*What you have to do*.
From the data below, return only the lines from the one with "Promotion Idyllwind Women's" through the one with "1 bus Line (Mendocino", exact and inclusive, with pictures left out.
━━━━━ Provided entries
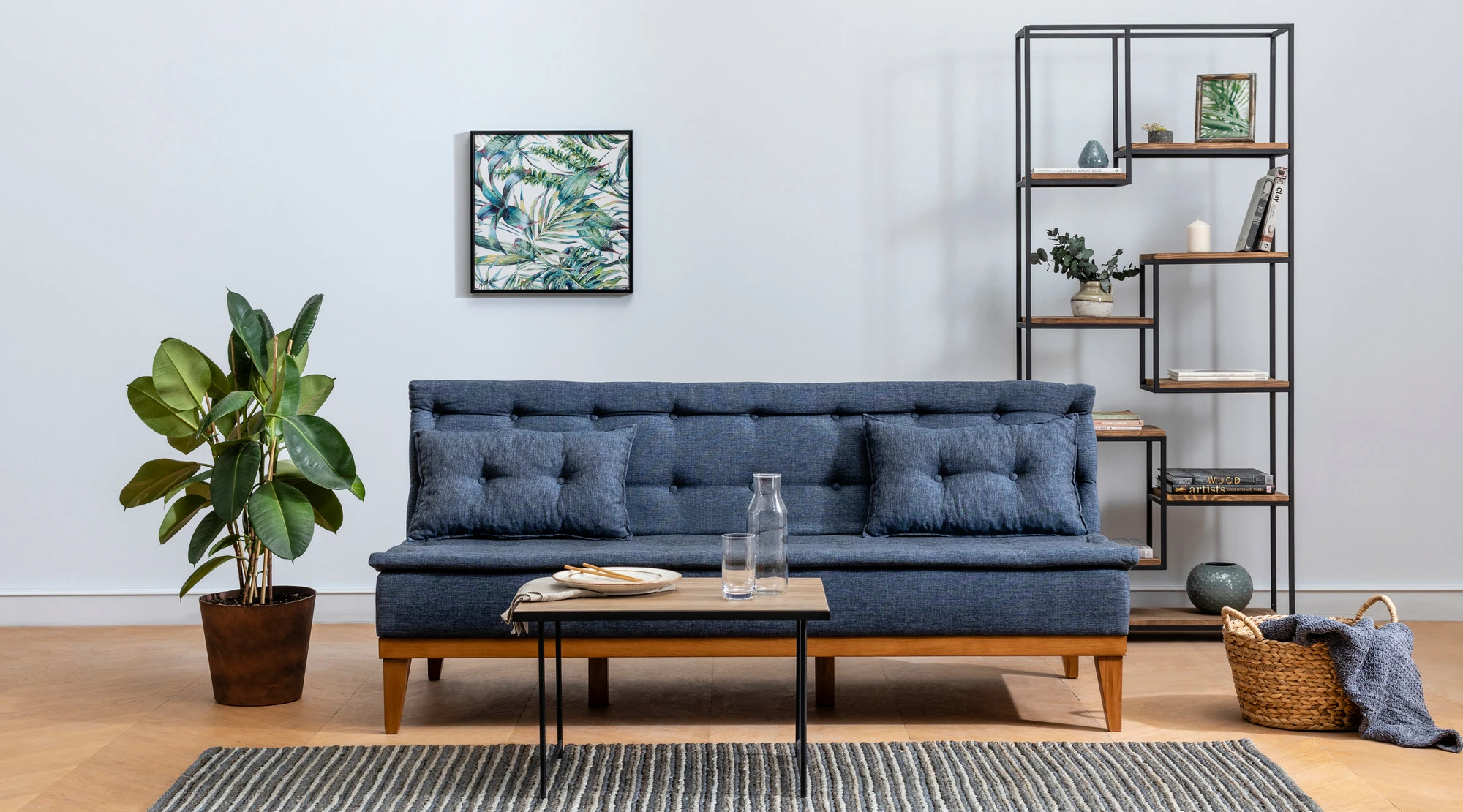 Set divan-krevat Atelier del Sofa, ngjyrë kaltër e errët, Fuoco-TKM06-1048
━━━━━━━━━━
━━━━━ Provided entries
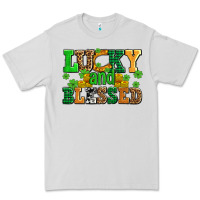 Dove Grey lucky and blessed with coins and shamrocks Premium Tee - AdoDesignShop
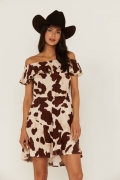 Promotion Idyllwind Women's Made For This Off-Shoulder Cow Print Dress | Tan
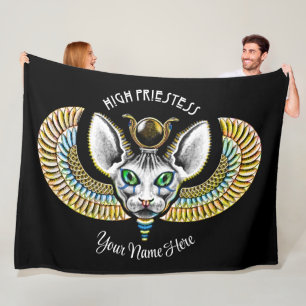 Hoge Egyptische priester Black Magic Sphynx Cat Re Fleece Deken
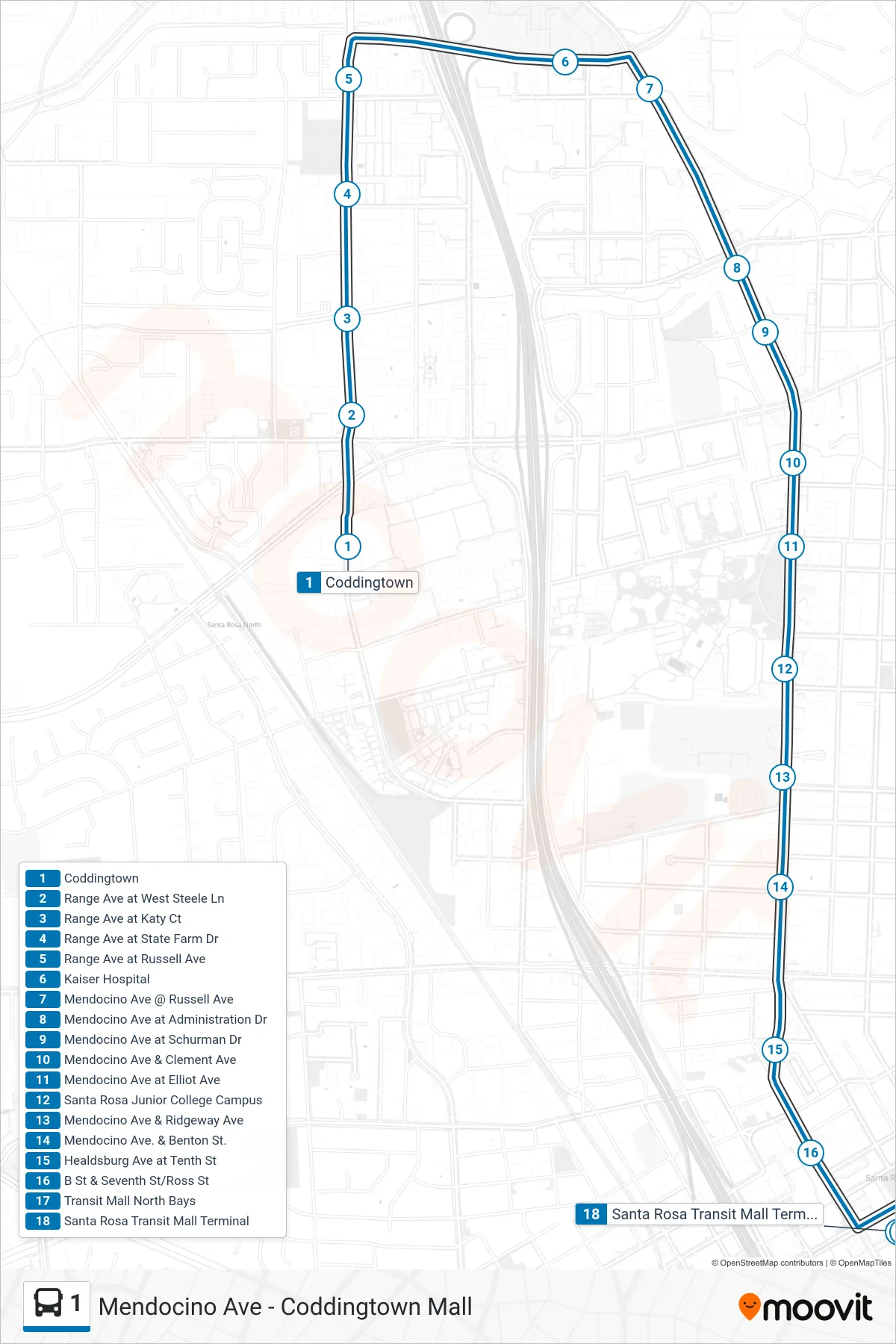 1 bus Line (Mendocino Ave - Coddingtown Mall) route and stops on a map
━━━━━━━━━━
*Expected output*.
 Promotion Idyllwind Women's Made For This Off-Shoulder Cow Print Dress | Tan
 Hoge Egyptische priester Black Magic Sphynx Cat Re Fleece Deken
 1 bus Line (Mendocino Ave - Coddingtown Mall) route and stops on a map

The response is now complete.